El cine, hijo de la tecnología, ha sido particularmente sensible a los cambios de ella. La incorporación de nuevos artefactos o nuevas técnicas ha empujado formas diferentes de registro, exhibición y visión, es decir, ha hecho posible el nacimiento de nuevos cines. Pero no siempre los cambios han sido bien recibidos ni acogidos con prontitud. En parte por el alto costo económico que por lo general caracteriza a las novedades. Pero las resistencias persisten incluso cuando se han vuelto accesibles. Al final, como podemos constatar con una somera revisión histórica, los cambios no son sustanciales y tampoco garantizan mejores películas, y, si son irreversibles, no son ineludibles.
    Es particularmente ilustrativo el caso de S. M. Eisenstein y la escuela rusa, cuando el sonido dejó de ser una posibilidad y fue una realidad para la cinematografía norteamericana (en 1927: El cantante de jazz, de Alan Crosland, fue la primera película talkie): presentaron objeciones casi de orden ontológico y argumentaron que perjudicaría aquello que había dado al cine «una fuerza tan poderosamente efectiva», es decir, el montaje (1). Poco tiempo después las cintas soviéticas también eran sonoras (en 1928 los rusos aún no lo tenían a su alcance, pero no tardaron mucho en conseguirlo, y en 1929 ya hacían pruebas de registro y reproducción). Eisenstein fue enviado a Estados Unidos para investigar las tecnologías del sonido; en ese viaje pasó por México y lo que filmó aquí (que años después se convirtió en ¡Que viva México!) fue concebido con sonido. No obstante, su primer largometraje sonoro en forma es Alexander Nevski (1938).

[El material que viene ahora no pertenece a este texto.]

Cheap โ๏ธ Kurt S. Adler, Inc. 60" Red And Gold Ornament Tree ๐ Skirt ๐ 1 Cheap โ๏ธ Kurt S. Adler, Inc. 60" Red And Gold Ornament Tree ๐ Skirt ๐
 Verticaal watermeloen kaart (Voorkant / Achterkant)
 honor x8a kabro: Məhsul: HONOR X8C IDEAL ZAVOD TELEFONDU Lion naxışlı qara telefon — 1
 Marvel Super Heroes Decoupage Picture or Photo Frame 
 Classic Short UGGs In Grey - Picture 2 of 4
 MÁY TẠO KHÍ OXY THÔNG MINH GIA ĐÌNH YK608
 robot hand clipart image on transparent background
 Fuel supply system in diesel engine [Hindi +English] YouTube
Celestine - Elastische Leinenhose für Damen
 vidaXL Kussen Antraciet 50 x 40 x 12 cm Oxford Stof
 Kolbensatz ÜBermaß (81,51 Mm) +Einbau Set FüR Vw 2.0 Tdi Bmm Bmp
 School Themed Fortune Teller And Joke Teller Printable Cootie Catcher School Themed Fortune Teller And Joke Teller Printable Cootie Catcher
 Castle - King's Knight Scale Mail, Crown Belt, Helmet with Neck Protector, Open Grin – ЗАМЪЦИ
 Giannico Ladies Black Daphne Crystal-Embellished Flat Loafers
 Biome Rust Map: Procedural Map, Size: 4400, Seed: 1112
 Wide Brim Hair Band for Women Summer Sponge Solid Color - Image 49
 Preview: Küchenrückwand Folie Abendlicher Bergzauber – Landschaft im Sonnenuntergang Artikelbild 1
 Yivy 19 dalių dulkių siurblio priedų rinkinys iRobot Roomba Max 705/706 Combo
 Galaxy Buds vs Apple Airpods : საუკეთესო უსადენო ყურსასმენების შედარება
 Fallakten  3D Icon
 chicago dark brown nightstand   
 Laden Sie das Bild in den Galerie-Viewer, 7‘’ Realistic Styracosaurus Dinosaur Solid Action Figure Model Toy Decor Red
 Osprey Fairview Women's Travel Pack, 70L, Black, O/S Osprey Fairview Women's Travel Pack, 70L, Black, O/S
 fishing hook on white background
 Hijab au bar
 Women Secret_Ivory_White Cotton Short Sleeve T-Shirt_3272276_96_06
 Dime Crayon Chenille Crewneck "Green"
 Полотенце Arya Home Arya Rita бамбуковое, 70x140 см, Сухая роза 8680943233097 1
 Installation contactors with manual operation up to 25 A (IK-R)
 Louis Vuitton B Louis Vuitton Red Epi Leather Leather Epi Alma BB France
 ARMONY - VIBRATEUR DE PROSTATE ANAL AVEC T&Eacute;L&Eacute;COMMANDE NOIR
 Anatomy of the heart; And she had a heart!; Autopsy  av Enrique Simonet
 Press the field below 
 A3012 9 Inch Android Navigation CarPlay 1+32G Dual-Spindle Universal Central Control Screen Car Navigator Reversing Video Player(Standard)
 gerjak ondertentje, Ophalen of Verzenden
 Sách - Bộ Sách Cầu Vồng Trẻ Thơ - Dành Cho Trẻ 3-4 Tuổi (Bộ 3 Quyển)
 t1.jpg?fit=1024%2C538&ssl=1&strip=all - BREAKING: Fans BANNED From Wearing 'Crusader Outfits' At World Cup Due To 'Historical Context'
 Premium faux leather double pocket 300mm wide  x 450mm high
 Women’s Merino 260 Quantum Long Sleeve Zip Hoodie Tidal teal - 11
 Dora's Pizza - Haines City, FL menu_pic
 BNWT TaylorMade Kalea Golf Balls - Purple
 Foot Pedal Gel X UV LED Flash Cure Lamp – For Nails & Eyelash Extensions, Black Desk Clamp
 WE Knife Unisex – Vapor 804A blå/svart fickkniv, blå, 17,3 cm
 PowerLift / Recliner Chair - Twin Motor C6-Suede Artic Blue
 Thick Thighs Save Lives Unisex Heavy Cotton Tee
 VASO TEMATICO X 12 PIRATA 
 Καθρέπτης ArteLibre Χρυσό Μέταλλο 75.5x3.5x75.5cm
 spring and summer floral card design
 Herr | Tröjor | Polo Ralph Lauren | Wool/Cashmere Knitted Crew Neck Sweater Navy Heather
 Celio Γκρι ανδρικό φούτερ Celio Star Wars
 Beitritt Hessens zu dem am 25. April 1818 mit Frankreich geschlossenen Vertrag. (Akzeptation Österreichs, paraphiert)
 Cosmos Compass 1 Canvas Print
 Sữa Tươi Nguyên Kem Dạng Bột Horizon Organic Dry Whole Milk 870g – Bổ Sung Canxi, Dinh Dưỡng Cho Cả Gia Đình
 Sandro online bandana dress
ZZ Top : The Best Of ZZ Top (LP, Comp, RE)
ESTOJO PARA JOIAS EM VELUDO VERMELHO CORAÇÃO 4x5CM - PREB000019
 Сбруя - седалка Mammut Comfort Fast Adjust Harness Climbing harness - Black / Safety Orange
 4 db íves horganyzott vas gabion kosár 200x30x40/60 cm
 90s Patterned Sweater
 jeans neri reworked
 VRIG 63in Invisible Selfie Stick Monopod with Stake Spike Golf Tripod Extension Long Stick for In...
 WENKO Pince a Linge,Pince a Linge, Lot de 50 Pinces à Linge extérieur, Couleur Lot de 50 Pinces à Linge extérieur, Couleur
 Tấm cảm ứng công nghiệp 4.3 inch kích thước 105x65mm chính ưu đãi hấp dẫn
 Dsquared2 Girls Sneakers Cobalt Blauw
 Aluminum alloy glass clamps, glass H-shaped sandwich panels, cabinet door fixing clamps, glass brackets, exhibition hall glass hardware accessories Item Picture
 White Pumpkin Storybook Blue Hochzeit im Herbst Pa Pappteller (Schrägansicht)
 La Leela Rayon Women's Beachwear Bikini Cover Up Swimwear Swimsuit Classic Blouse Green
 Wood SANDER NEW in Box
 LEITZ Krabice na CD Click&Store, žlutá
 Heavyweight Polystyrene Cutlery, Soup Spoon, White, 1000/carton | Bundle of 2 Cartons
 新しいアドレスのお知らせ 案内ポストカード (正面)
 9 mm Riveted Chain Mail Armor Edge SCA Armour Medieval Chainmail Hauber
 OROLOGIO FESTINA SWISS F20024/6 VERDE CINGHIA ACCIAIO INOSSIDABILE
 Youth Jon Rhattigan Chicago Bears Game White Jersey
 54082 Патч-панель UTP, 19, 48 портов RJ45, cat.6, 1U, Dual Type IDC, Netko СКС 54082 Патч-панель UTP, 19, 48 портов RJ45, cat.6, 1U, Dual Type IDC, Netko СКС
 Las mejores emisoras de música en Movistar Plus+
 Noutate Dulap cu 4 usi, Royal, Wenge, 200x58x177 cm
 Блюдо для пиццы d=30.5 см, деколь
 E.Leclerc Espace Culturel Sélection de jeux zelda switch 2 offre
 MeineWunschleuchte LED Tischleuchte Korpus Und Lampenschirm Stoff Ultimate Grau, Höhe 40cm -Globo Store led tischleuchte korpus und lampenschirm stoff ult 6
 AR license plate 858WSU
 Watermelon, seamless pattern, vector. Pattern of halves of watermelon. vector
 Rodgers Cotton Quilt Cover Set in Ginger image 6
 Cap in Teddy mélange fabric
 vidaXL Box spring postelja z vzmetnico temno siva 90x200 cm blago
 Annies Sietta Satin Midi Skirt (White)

    Con el color la transición fue lenta, entre otras cosas por las limitaciones que la película presentaba (no era muy fiel y se desteñía con el paso del tiempo). Pero incluso cuando ya se contaba con cintas y procesos fiables (a mediados de los años cincuenta), las reservas continuaban por cuestiones de orden artístico. Sidney Lumet confesó su ««bloqueo con el color»» después de filmar dos películas en color. Cuando vio El desierto rojo (Il deserto rosso, 1964), de Michelangelo Antonioni, se amplió su horizonte, pues «al fin, se usaba el color con fines dramáticos, para ayudar a la historia y profundizar en los personajes» (2). Lumet reconoce que aceptó realizar su siguiente película, Una cita (The Appointment, 1969), fotografiada por Carlo Di Palma (responsable de la luz de la mencionada cinta de Antonioni y luego colaborador de cabecera de Woody Allen), por razones prácticas: para superar el mencionado bloqueo. «Y lo hizo», concluye.
    La evolución de los equipos de registro también ha sido un factor relevante. Y así como la ligereza de las cámaras que surgieron a finales de los años cincuenta contribuyó al ascenso de la Nueva Ola francesa (cuyo realismo surge en buena medida de la filmación en exteriores o en locaciones, con reducidos equipos materiales y humanos), los prodigios que hoy ofrece la tecnología digital casera han ampliado las posibilidades creativas y permitido la diversificación de narrativas. David Lynch, por ejemplo, grabó Imperio (Inland Empire, 2006) con una cámara mini dv; Tim Burton registró los fotogramas de El cadáver de la novia (Corpse Bride, 2005) con cámaras dslr (Digital Single Lens Reflex) —concebidas originalmente para foto fija— directamente conectadas a una computadora (por lo que no fue película sino hasta su exhibición); algunas escenas de Los vengadores (The Avengers, 2012), de Joss Whedon, también fueron registradas con estos equipos. La tecnología digital ha provocado cambios en las dinámicas de rodaje, edición y exhibición; sin embargo no ha empujado la revolución que se preveía años atrás.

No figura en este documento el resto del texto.